* _Provided information_:
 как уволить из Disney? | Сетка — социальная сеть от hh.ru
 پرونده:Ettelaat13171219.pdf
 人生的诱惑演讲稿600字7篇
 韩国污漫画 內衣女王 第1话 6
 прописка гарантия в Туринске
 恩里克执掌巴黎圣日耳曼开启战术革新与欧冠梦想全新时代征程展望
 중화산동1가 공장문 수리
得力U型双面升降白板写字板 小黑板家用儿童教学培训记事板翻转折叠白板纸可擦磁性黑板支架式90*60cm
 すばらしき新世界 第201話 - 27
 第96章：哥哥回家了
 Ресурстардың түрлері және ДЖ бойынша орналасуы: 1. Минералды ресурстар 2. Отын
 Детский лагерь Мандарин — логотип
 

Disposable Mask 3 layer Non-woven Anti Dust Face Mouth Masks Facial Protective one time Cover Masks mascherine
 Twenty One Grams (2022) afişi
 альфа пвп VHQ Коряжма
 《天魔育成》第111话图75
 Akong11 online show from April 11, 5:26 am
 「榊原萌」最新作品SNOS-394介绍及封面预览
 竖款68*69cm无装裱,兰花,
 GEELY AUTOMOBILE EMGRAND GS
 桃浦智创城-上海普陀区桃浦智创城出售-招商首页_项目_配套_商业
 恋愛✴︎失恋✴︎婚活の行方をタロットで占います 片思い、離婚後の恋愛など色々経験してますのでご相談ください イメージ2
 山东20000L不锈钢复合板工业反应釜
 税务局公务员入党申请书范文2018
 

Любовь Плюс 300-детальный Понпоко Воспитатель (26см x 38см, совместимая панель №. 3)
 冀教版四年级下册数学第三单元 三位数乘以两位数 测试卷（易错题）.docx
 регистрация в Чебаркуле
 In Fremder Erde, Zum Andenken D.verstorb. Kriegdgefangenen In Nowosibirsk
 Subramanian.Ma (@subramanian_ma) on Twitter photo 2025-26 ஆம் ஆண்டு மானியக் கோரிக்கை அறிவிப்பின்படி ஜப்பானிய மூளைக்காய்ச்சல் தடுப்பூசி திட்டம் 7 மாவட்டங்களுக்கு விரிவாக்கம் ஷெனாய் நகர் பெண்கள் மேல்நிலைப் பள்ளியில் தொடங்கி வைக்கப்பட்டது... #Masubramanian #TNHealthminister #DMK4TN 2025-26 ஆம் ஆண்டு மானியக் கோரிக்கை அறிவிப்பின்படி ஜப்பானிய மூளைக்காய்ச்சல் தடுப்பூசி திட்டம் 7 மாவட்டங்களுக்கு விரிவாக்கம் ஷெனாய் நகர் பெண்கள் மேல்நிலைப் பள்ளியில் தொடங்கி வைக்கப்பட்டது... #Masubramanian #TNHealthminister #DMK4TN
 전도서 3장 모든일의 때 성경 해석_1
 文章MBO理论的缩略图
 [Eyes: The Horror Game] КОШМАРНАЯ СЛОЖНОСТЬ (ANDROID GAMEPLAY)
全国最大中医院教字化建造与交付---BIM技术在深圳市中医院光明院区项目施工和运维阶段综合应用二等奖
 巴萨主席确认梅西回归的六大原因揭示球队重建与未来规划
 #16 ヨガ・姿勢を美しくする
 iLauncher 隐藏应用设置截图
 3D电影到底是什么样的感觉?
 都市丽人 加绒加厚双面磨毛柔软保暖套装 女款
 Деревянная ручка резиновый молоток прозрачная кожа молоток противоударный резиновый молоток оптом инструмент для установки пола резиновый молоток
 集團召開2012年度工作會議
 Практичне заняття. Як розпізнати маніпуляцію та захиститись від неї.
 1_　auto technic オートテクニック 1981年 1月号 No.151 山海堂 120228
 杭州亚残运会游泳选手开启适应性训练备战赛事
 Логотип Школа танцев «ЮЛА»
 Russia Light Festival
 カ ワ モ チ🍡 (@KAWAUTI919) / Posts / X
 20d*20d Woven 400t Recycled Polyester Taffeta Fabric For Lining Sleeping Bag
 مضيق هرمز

* _What to do_:
Reproduce, word for word, all of the entries above.

* _Solution for this task_:
 как уволить из Disney? | Сетка — социальная сеть от hh.ru
 پرونده:Ettelaat13171219.pdf
 人生的诱惑演讲稿600字7篇
 韩国污漫画 內衣女王 第1话 6
 прописка гарантия в Туринске
 恩里克执掌巴黎圣日耳曼开启战术革新与欧冠梦想全新时代征程展望
 중화산동1가 공장문 수리
得力U型双面升降白板写字板 小黑板家用儿童教学培训记事板翻转折叠白板纸可擦磁性黑板支架式90*60cm
 すばらしき新世界 第201話 - 27
 第96章：哥哥回家了
 Ресурстардың түрлері және ДЖ бойынша орналасуы: 1. Минералды ресурстар 2. Отын
 Детский лагерь Мандарин — логотип
 

Disposable Mask 3 layer Non-woven Anti Dust Face Mouth Masks Facial Protective one time Cover Masks mascherine
 Twenty One Grams (2022) afişi
 альфа пвп VHQ Коряжма
 《天魔育成》第111话图75
 Akong11 online show from April 11, 5:26 am
 「榊原萌」最新作品SNOS-394介绍及封面预览
 竖款68*69cm无装裱,兰花,
 GEELY AUTOMOBILE EMGRAND GS
 桃浦智创城-上海普陀区桃浦智创城出售-招商首页_项目_配套_商业
 恋愛✴︎失恋✴︎婚活の行方をタロットで占います 片思い、離婚後の恋愛など色々経験してますのでご相談ください イメージ2
 山东20000L不锈钢复合板工业反应釜
 税务局公务员入党申请书范文2018
 

Любовь Плюс 300-детальный Понпоко Воспитатель (26см x 38см, совместимая панель №. 3)
 冀教版四年级下册数学第三单元 三位数乘以两位数 测试卷（易错题）.docx
 регистрация в Чебаркуле
 In Fremder Erde, Zum Andenken D.verstorb. Kriegdgefangenen In Nowosibirsk
 Subramanian.Ma (@subramanian_ma) on Twitter photo 2025-26 ஆம் ஆண்டு மானியக் கோரிக்கை அறிவிப்பின்படி ஜப்பானிய மூளைக்காய்ச்சல் தடுப்பூசி திட்டம் 7 மாவட்டங்களுக்கு விரிவாக்கம் ஷெனாய் நகர் பெண்கள் மேல்நிலைப் பள்ளியில் தொடங்கி வைக்கப்பட்டது... #Masubramanian #TNHealthminister #DMK4TN 2025-26 ஆம் ஆண்டு மானியக் கோரிக்கை அறிவிப்பின்படி ஜப்பானிய மூளைக்காய்ச்சல் தடுப்பூசி திட்டம் 7 மாவட்டங்களுக்கு விரிவாக்கம் ஷெனாய் நகர் பெண்கள் மேல்நிலைப் பள்ளியில் தொடங்கி வைக்கப்பட்டது... #Masubramanian #TNHealthminister #DMK4TN
 전도서 3장 모든일의 때 성경 해석_1
 文章MBO理论的缩略图
 [Eyes: The Horror Game] КОШМАРНАЯ СЛОЖНОСТЬ (ANDROID GAMEPLAY)
全国最大中医院教字化建造与交付---BIM技术在深圳市中医院光明院区项目施工和运维阶段综合应用二等奖
 巴萨主席确认梅西回归的六大原因揭示球队重建与未来规划
 #16 ヨガ・姿勢を美しくする
 iLauncher 隐藏应用设置截图
 3D电影到底是什么样的感觉?
 都市丽人 加绒加厚双面磨毛柔软保暖套装 女款
 Деревянная ручка резиновый молоток прозрачная кожа молоток противоударный резиновый молоток оптом инструмент для установки пола резиновый молоток
 集團召開2012年度工作會議
 Практичне заняття. Як розпізнати маніпуляцію та захиститись від неї.
 1_　auto technic オートテクニック 1981年 1月号 No.151 山海堂 120228
 杭州亚残运会游泳选手开启适应性训练备战赛事
 Логотип Школа танцев «ЮЛА»
 Russia Light Festival
 カ ワ モ チ🍡 (@KAWAUTI919) / Posts / X
 20d*20d Woven 400t Recycled Polyester Taffeta Fabric For Lining Sleeping Bag
 مضيق هرمز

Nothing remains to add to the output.